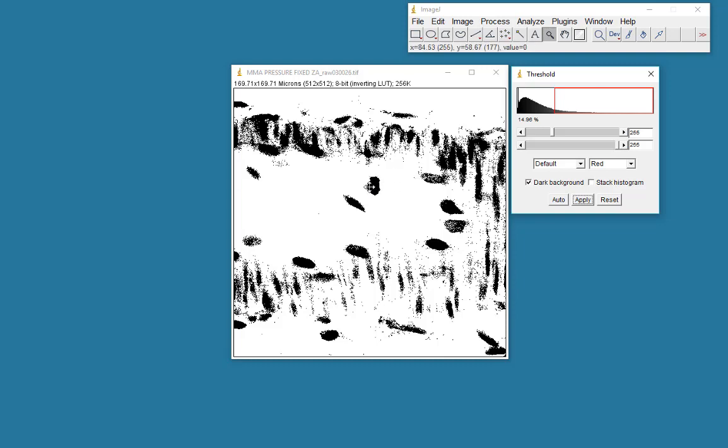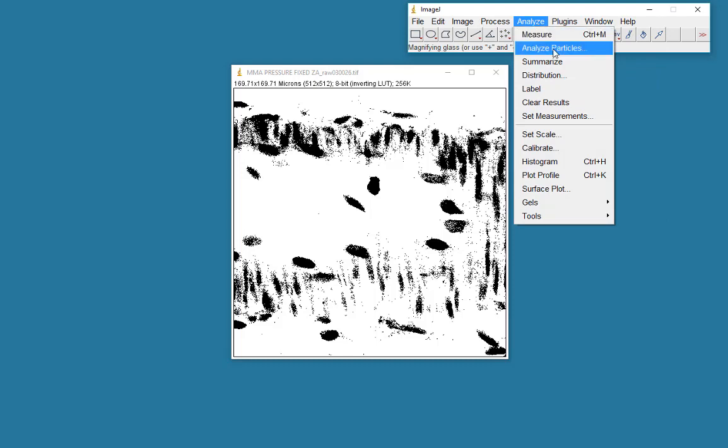Now having selected my pixels for measurement, I'll just remove my threshold now. I then come up to my analyze menu. And I want to analyze the particles.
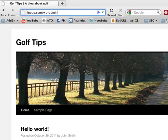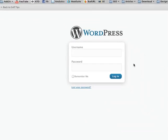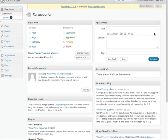Or if you installed your blog in a directory, you simply add your directory, such as blog/wp-admin. But in this case, I installed it directly in the domain name. So now I need to log in, and I'm now in the WordPress dashboard where I can start customizing and adding new blog posts.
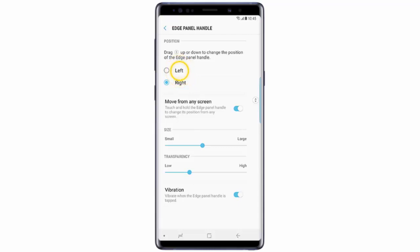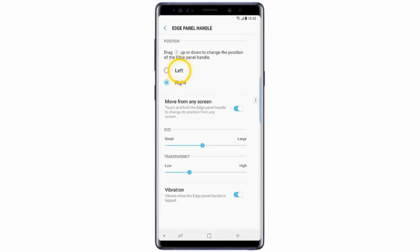In this video I will show you how to change the edge panel position. The edge panel can be on the left or the right of the screen, and you can choose the side. If you want to do it, follow these simple steps.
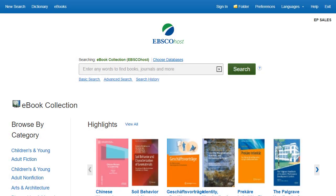In this tutorial, we'll look at how to download eBooks from EBSCOhost. To download eBooks, eBook download functionality must be enabled by your library. In addition, you must have a personal My EBSCO folder account.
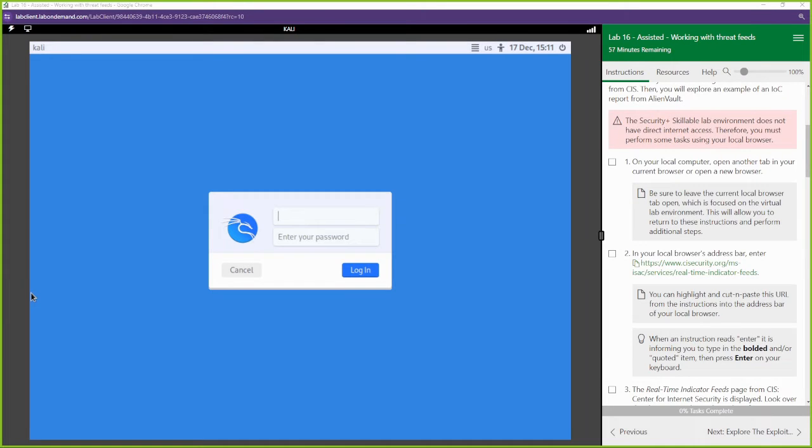Yo, what up? This is Toby with O-Line Security and we're back with another Certmaster Lab for Security Plus 701. What we're going to be getting into here is working with threat feeds. Threat feeds are how we share threat intelligence. Threat intelligence is what the attackers are doing.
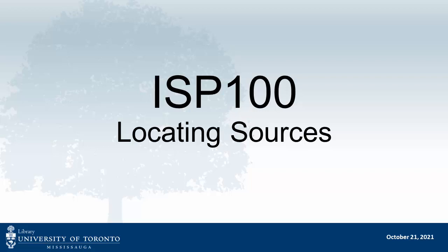This video helps students in ISP100, writing for university and beyond, locate sources for their genre analysis assignment. This is the second video of the series,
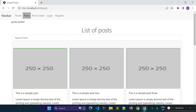In the previous lecture I discussed how we can pass parameters in Angular routes and how we can retrieve the data to use in our Angular application. In this lecture I am going to tell you how we can pass query parameters in Angular routes and how we can retrieve the data to use in our Angular application.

_Exercise_
Print everything from the line with "Or if you installed" down to the line with "In this video" in the entries above, both lines included and nothing more, without the pictures.

_Worked solution_
Or if you installed your blog in a directory, you simply add your directory, such as blog/wp-admin. But in this case, I installed it directly in the domain name. So now I need to log in, and I'm now in the WordPress dashboard where I can start customizing and adding new blog posts.
In this video I will show you how to change the edge panel position. The edge panel can be on the left or the right of the screen, and you can choose the side. If you want to do it, follow these simple steps.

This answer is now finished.